Meanwhile, Indian state governments are pursuing bold policies and ambitious action plans while states such as Karnataka, Tamil Nadu and Delhi are implementing a clear policies to boost the growth in the segment.

Counted as one of most polluted states, India capital Delhi had announced ‘The Draft Delhi EV Policy 2018’ in November 2018 to make 25% of all vehicles to be EVs by 2023. It is also aimed at incentivising the purchase and use of electric two-wheelers and supporting the electrification of public/shared transport. Some other states such as Kerala, Telangana, Andhra Pradesh, Uttar Pradesh, Karnataka, and Gujarat are leading in the segment as they seek to implement their draft electric vehicle policy.

In January the Tamil Nadu government approved an investment of INR 7,000 Cr by passenger carmaker Hyundai Motors that will allow the company to make its electric car foray into the country by manufacturing units from its Sriperumbudur facility near Chennai.

Meanwhile in Karnataka, the Minister for Large and Medium Scale Industries – Commerce & Industries Department, KJ George, who inaugurated a Electric Vehicle Summit this week in Bengaluru, said that companies manufacturing EVs have come forward to invest INR 31K Cr in the state.

What Happened To FAME?

In a bid to boost the electric mobility in the country, the government had launched the FAME (Faster Adoption and Manufacture of (Hybrid and) Electric Vehicles) in 2015 to be implemented over two years between April 1, 2015 – March 31, 2017. Till date, the programme’s first phase has been extended four times and is scheduled to end by March this year.

Although under the FAME scheme, the government is hoping that by 2030 atleast 30% of the new car registrations in the country will be EVs. But with less than 12 years to go, combined with the government’s hesitancy to introduce big ticket reforms, this seems like a pipe dream for now.
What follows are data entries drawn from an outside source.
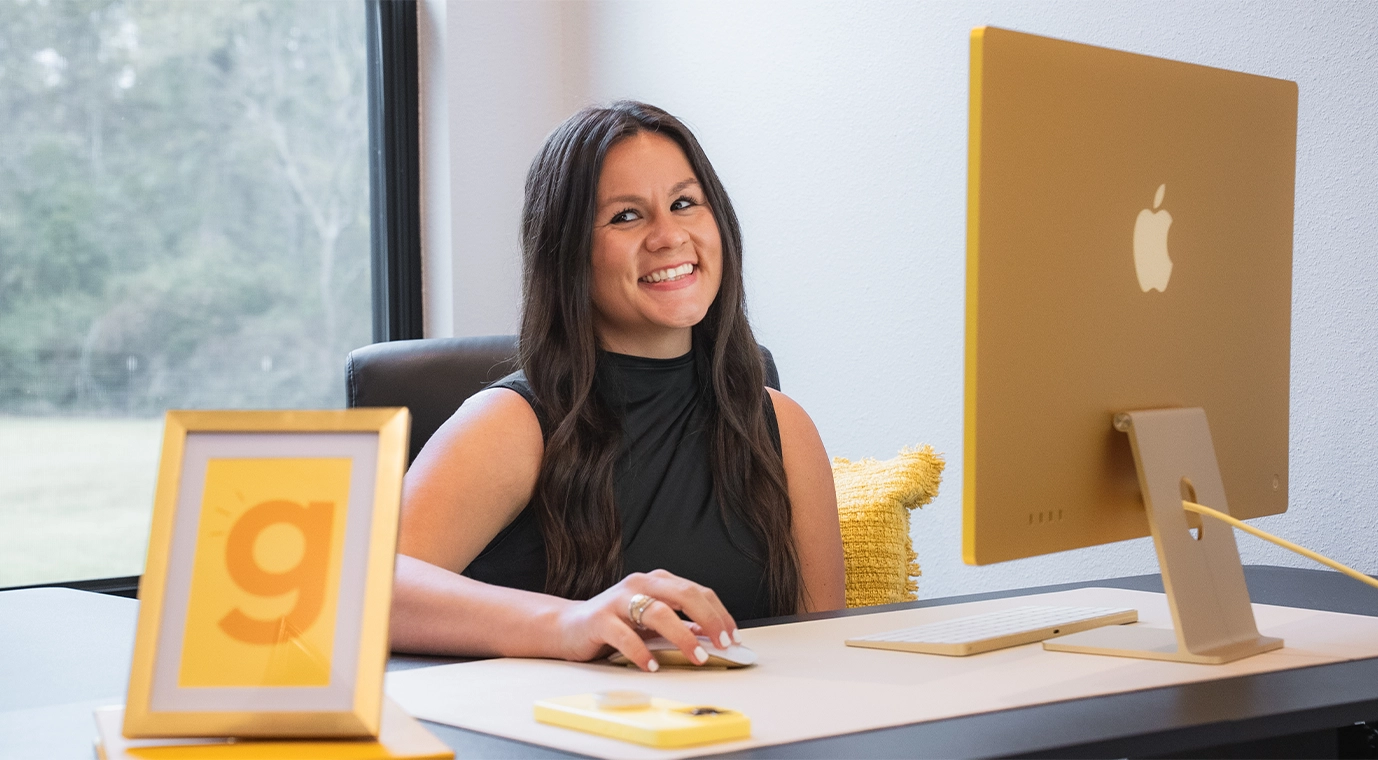 Founder working at a modern desk setup, smiling while using a desktop computer in a bright office workspace.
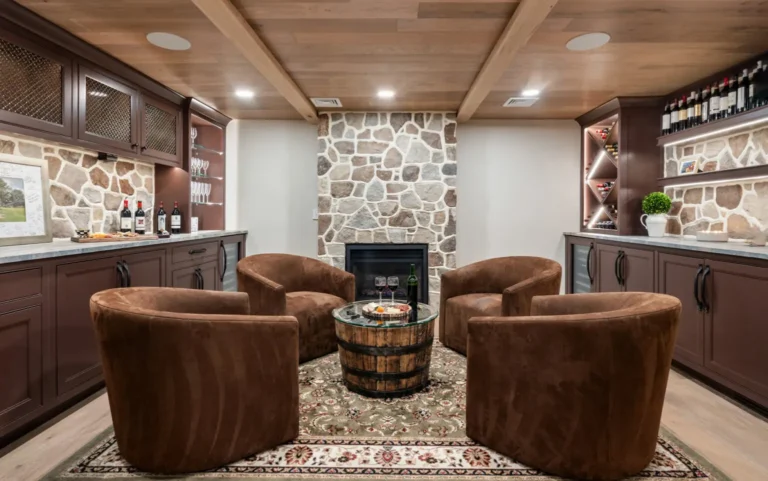 Cozy wine tasting room featuring custom cabinets, stone fireplace, and plush brown chairs.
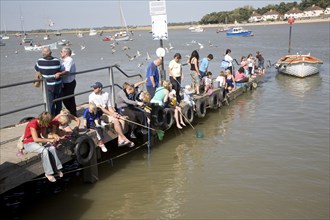 People crabbing from jetty, Felixstowe Ferry, Suffolk, England, United Kingdom, Europe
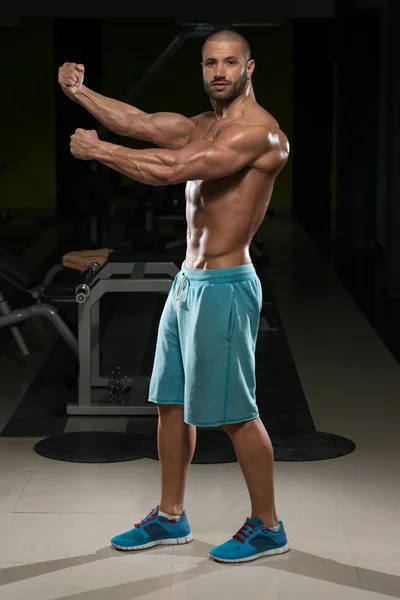 Человек в спортзале показывает свое хорошо подготовленное тело — стоковое фото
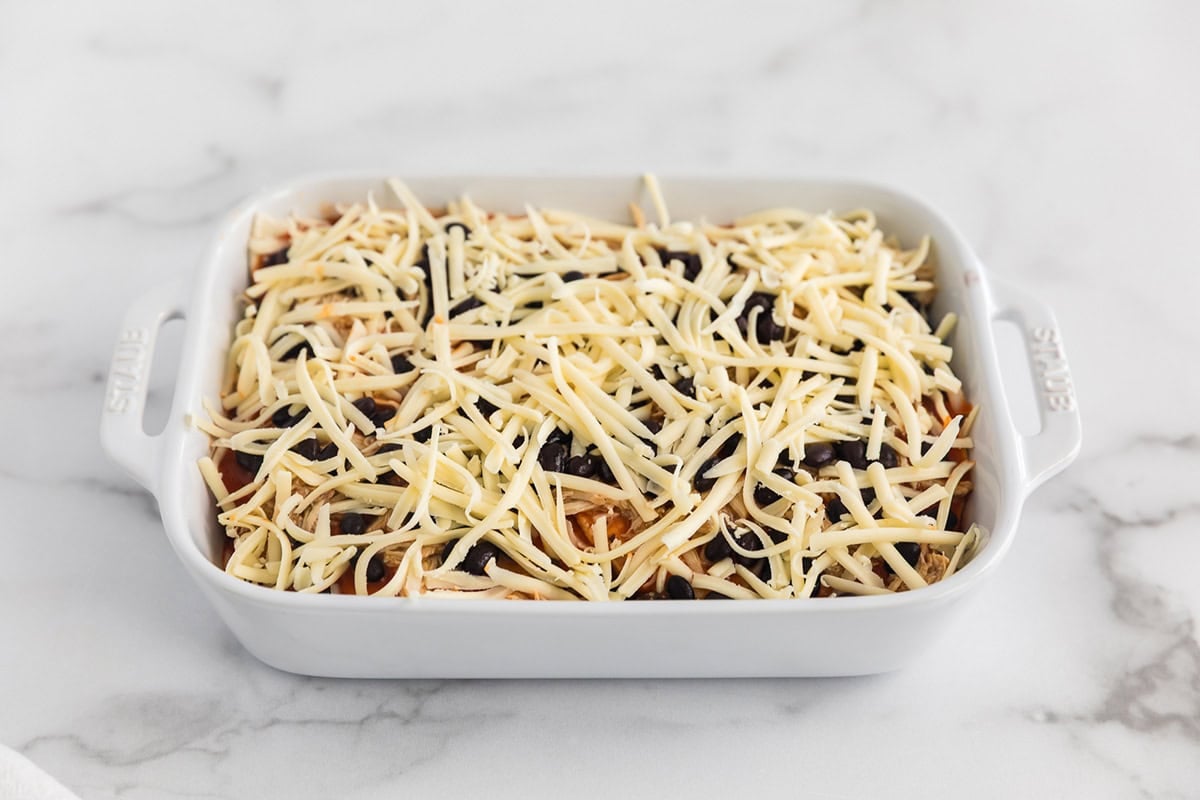 Shredded Monterey Jack cheese sprinkled over chicken, black beans, and enchilada sauce in a layered chicken enchilada casserole.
Back in in December, 2018, the Narendra Modi-led government’s decision to not announce the second phase of the FAME scheme during the Global Mobility Summit came as a huge setback for the industry. As a result the uncertainties, car makers and infrastructure players are being cautiously optimistic. However to significantly increase the adoption of electric and hybrid vehicles, the industry and policy makers need to work in tandem.